During the radical campus movements of the 1960s, Glazer became a target of discontent for students fed up with the establishment, especially the Berkley staff's resistance to change and direct action (Dorman 1998). This can be analyzed in terms of Marx's tendency to view sociology in terms of a discipline of action. He felt that the role of a sociologist was not just to describe or understand the world, but to actively change and improve it (McLaughlin 2009b). This contrasts with Glazer's view that the students were attempting too much change, too fast (Dorman 1998). It is, however, consistent with the later actions of Kristol, who became a figurehead for the neo-Conservative movement (ibid. 1998). Although his views are no longer close to those he held as a young Marxist at CUNY, he is emblematic of Marx's notions that sociologists should take an active role in changing society in order to better it. In this way, Kristol is more similar to Marx than his former school-mates, although ideologically he is the most distant. These examples show the applicability of Marxist ideas to the lives of the New York intellectuals.
It is also interesting to note the prevalence of class conflict in the story of the four former CUNY school mates. As noted by McLaughlin, central to Marxism are the ideas of historical materialism and class conflict (2009a). As lower class Jews in New York, the New York intellectuals had no hope for an education but to attend CUNY (Dorman 1998). Ironically, this was crucial to their development, as they were exposed to the radical campus, as well as to each other, and thus helped to define their theoretical worldviews. A further twist on the concept of class conflict occurred when Glazer, now part of the dominant intellectual elite, was criticized for maintaining the status quo of his university (ibid. 1998). This exemplifies Marx`s notion that the state is but a tool of the capitalist class (McLaughlin 2009b), in that the university was but a tool of the intellectual elite to defend the status quo.
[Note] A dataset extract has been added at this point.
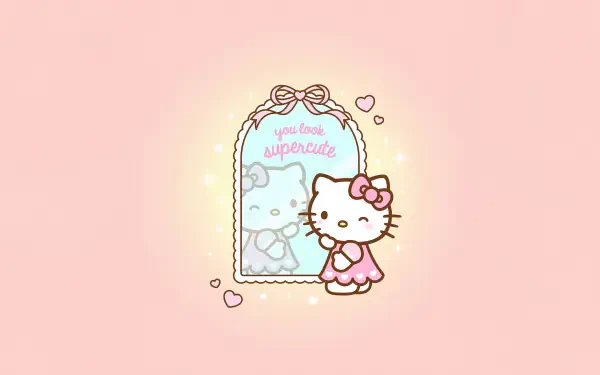 4K Ultra HD anime-style Hello Kitty wallpaper featuring a cute Hello Kitty character beside a sparkling mirror with soft pastel and kawaii elements.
In this instance it was the students, as their rights were being taken away, who were the underclass (both in strictly Marxist terms, and also in Weberian notions of power and party) (Pampel 2007). These instances further exemplify the utility of Marxism in shaping and explaining the lives of the New York intellectuals.
In summation, it has been shown that the film Arguing the World, and the lives of Bell, Glazer, Howe and Kristol which it describes, exemplify the strong ideological relevance of the Marxist theoretical framework. This has been presented by summarizing the lives of the New York intellectuals and tracing the influence of Marx on their actions and ideas, as well as through a comparison of their lives to that of Marx. Finally, this essay analyzed the stories of these influential academics according to Marxist notions of the role of social scientists as agents of change, and in relation to the Marxist concept of class conflict. Through this brief critical analysis, it has been shown that Marxism is a relevant tradition and a valid interpretative tool.
References
Dorman, Joseph. 1998. Arguing the World. First Run Features.
McLaughlin, Neil. 2009a. “2S06e – Lecture 3.” Presented at McMaster University, September 28, Hamilton, ON Canada.
------. 2009b. “2S06e – Lecture 4.” Presented at McMaster University, October 19, Hamilton, ON Canada.
Pampel, Fred C. 2007. Sociological Lives and Ideas: An Introduction to the Classical Theorists. 2nd ed. New York: Worth Publishers.